Paul Smith 06 Feb 2018

Lucky with Crystal - Fewer Bugs, Better Performance, Incredible Productivity

Paul Smith created the Lucky web framework a year ago - and he now shares its status with us. If you want to share your own project, reach out to us with your idea.

Lucky is a full-featured web application framework written in Crystal. You will write fewer tests and have fewer bugs when using Lucky because of its type-safe querying, routing and record saving. With that saved time, you will be able to focus on building the best app possible.

Week 1 to Week 1,000

When I start an app with most frameworks, I’m hopeful. I see the potential that the product has, and based on the first few weeks of progress, things will go incredibly smoothly.

Months pass…

My hope for the wonderful future of the product turns into hope that the latest commits won’t break anything.

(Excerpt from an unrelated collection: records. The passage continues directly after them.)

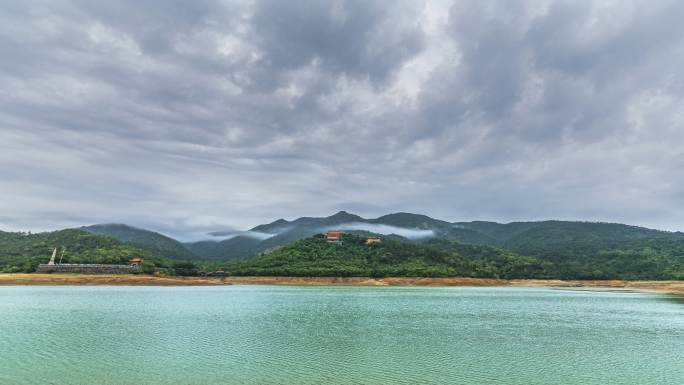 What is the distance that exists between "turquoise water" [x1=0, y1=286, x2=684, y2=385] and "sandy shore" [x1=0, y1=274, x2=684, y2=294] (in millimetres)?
53538

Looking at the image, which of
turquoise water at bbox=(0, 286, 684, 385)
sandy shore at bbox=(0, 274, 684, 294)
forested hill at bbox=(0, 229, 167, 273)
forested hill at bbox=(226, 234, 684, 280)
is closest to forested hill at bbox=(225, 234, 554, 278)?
forested hill at bbox=(226, 234, 684, 280)

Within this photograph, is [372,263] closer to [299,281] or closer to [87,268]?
[299,281]

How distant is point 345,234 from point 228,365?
5080 inches

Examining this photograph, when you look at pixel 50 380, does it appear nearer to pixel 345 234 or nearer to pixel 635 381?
pixel 635 381

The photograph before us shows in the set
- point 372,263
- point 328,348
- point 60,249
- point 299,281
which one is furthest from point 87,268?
point 328,348

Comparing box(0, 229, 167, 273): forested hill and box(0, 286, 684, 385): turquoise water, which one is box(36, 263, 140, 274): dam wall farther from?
box(0, 286, 684, 385): turquoise water

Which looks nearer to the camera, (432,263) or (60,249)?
(60,249)

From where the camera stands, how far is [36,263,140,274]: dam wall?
9369 cm

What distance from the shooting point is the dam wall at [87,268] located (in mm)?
93688

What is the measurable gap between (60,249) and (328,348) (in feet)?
384

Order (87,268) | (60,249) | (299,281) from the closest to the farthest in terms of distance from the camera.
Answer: (87,268)
(299,281)
(60,249)

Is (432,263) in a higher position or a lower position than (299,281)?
higher

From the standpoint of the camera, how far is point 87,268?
95.8 metres

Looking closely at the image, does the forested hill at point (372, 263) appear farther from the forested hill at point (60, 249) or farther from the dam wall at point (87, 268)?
the forested hill at point (60, 249) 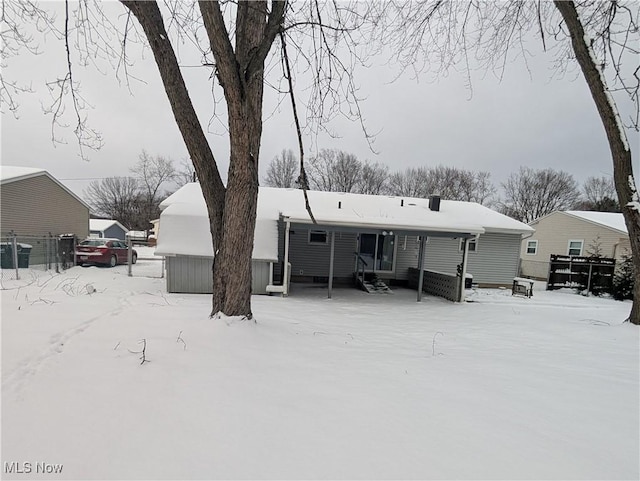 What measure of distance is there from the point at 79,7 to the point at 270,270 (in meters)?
6.83

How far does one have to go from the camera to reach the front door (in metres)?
13.2

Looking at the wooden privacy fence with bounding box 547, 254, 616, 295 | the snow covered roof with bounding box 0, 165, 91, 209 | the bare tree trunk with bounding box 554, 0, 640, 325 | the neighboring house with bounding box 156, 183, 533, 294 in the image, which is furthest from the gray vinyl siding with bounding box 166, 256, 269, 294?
the wooden privacy fence with bounding box 547, 254, 616, 295

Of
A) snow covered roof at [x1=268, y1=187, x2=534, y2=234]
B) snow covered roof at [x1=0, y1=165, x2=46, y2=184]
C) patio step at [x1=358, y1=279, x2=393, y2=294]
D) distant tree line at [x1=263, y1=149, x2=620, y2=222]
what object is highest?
distant tree line at [x1=263, y1=149, x2=620, y2=222]

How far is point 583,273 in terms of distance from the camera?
1353 centimetres

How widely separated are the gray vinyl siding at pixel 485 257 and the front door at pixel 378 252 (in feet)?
6.02

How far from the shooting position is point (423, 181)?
40219 millimetres

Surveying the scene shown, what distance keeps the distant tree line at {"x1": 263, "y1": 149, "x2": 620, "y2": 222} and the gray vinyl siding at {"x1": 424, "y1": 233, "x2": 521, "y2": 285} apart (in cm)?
2327

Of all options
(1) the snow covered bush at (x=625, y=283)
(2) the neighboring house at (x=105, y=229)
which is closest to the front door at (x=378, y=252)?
(1) the snow covered bush at (x=625, y=283)

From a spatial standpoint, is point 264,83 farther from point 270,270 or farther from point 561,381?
point 270,270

I begin to focus more on how my changes might cause a bug than how to make the app better. I write and run tests, hoping that I thought of everything that could be an issue. It becomes harder and harder to keep simple and understandable.

Lucky helps you focus on building your app

Instead of spending all your energy worrying about all the ways things might not work, let the computer help. After all, that’s its job.

Lucky’s route handling, record saving, and querying are all type-safe. Even the configuration will cause failures at compile time, so you know you haven’t accidentally messed anything up when upgrading dependencies.

This allows you to focus on how to delight your customers with a speedy, reliable, and value-packed web application.

Alright, so how does Lucky catch bugs that other frameworks won’t?

Type safe querying

Let’s say we want to get all users whose names include “kat”. Here’s how we’d do it in Lucky:

# Will find users with the name "Kathryn", "Katy", etc.
UserQuery.new.name.ilike("kat%")

In Lucky you’ll get methods specific to the type of the column. This means that methods like lower and ilike are only available for String columns. If you tried to call lower on an integer column by accident, Lucky will let you know at compile time. If you rename the name column to full_name, Lucky will show you all the places where you also need to make that change at compile-time.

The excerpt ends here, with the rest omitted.